District Judge Ashworth, who heard the case at Staines Magistrates court commented on the use of hearsay evidence during the trial:
"The evidence of other people that met both of you is that when she is with you she is dominated, downcast and when she is away from you she springs up and wants to tell everyone what’s going on.
"The hearsay evidence I have admitted are very clear you were controlling and overbearing to here. That evidence has not come from here and I still have to decide what weight to give to them. When assessing that I see it said again and again by the professionals that you control her, push her around and won’t let her see her family. You won’t let her spend time in a refuge and lie to her to get her back onto the streets and under your control."
As well as the 18 month sentence, Saunders also received an additional three months for failing to fulfil a community order from a previous case and an indefinite restraining order.
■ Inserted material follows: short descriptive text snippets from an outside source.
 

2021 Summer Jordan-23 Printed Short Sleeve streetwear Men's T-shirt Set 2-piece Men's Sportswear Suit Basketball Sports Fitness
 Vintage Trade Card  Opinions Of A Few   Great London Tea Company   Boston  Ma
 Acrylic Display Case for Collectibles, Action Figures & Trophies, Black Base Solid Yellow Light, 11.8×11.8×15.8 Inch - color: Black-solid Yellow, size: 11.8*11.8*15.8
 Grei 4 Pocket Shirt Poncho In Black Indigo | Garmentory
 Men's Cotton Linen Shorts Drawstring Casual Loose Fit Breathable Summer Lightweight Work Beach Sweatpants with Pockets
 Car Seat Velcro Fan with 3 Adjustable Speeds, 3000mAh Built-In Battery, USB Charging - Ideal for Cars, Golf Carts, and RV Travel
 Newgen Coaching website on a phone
Police and Crime Commissioner David Munro said:
"This case marks a really significant milestone in the ongoing battle against domestic abuse and is a testament to the sheer hard work and determination of those agencies in Surrey working together to tackle it.
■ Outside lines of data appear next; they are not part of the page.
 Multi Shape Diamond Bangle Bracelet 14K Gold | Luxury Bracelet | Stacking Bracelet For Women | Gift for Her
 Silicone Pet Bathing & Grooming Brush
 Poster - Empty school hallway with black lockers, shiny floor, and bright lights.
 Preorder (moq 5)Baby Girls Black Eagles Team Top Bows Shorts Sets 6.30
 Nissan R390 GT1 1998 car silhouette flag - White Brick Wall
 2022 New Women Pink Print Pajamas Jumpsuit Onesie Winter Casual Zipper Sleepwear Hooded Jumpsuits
"More importantly, this is a great outcome for the survivor in this case who is now able to rebuild her life away from the clutches of a clearly manipulative and controlling abuser.
"I hope this case sends out a clear message to those who believe they can use control and fear to silence their partners that there is no longer any hiding place for those that perpetrate domestic abuse. It also demonstrates that agencies at the forefront of tackling this crime will use all those powers at their disposal to bring offenders to justice and help survivors reach places of safety."
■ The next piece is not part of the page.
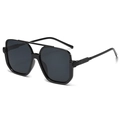 Lunettes de soleil carrées rétro noires surdimensionnées avec double pont en métal - Monture Noire Verres Noir Gris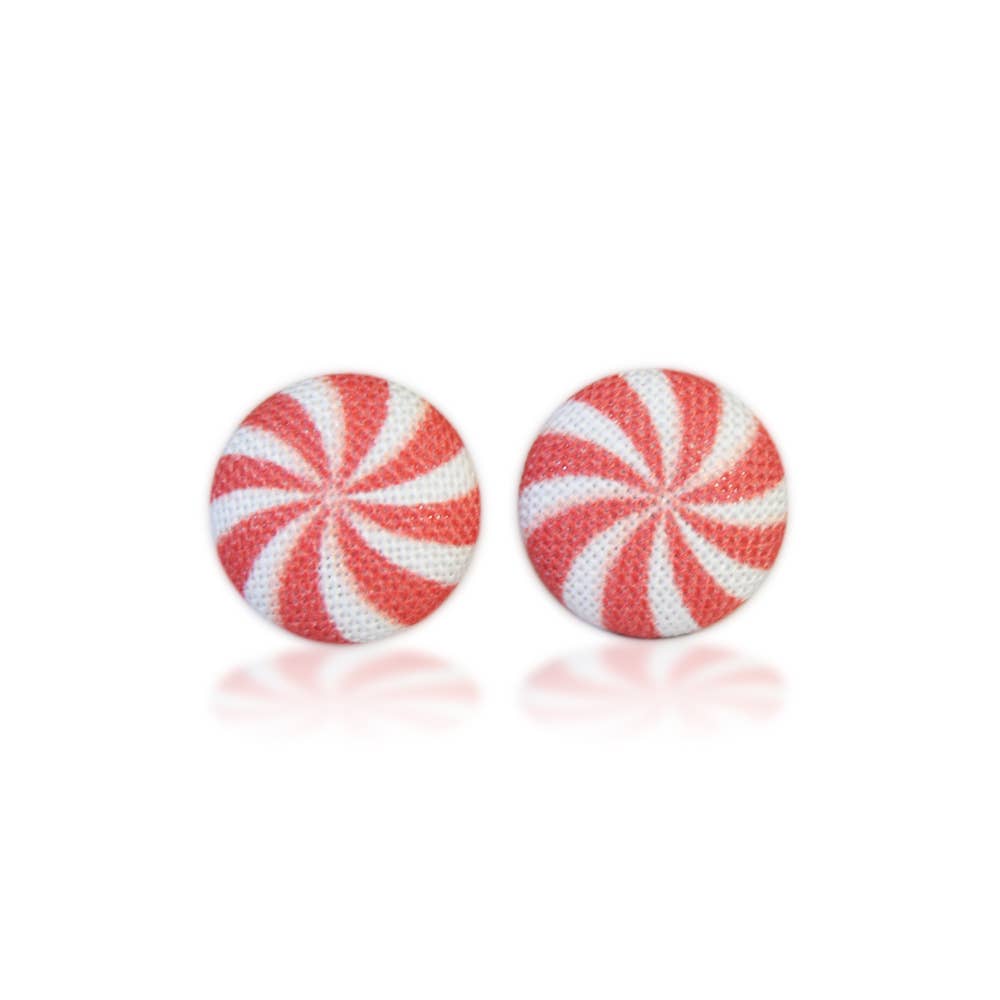 Rachel O's - Wholesale Stud/Post Earrings - Peppermint Print Fabric Button Earrings4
Michelle, Chief Executive of East Surrey Domestic Abuse Services, said:
"It has been two years since the coercive control law came into force. This marked a big step forward for understanding, preventing, and tackling domestic abuse in our society. Coercive control is a factor in nearly all domestic abuse cases and it is also often an indicator of the level of risk a perpetrator of domestic abuse poses to their partner. A key element of coercive control is a perpetrators desire to limit their partners space for action, remove their liberty and freedoms which means that even reaching out for help can feel too unsafe. As a community and network of professionals we need to be able to support survivors of abuse to realise their strengths and speak out when safe to do so. However more importantly this legislation and this result show that we must hold perpetrators to account for their behaviour even when a survivor may feel they have been silenced by coercive control. We all have a part to play in holding perpetrators of coercive control and abuse to account and support survivors and children to live lives free from abuse."
Fiamma Pather, Chief Executive of Your Sanctuary, said:
"We at yourSanctuary are very pleased that Surrey Police have been so proactive in prosecuting a coercive control case. We often talk to clients who have been controlled and abused for many years and who find the prospect of giving a statement to the police and appearing in court very frightening and daunting. By using the evidence from others who had witnessed the coercive behaviour the perpetrator has been held to account, and others who are using these tactics to control their partner can see that as a community we will not tolerate this kind of criminal behaviour"
Steven Saunders was sentenced on 18 January 2018 to 18 month’s imprisonment for Coercive and Controlling behaviour. He was also sentenced to an additional three months for failing to fulfil a community order, and was issued a lifetime restraining order, preventing further contact with the victim.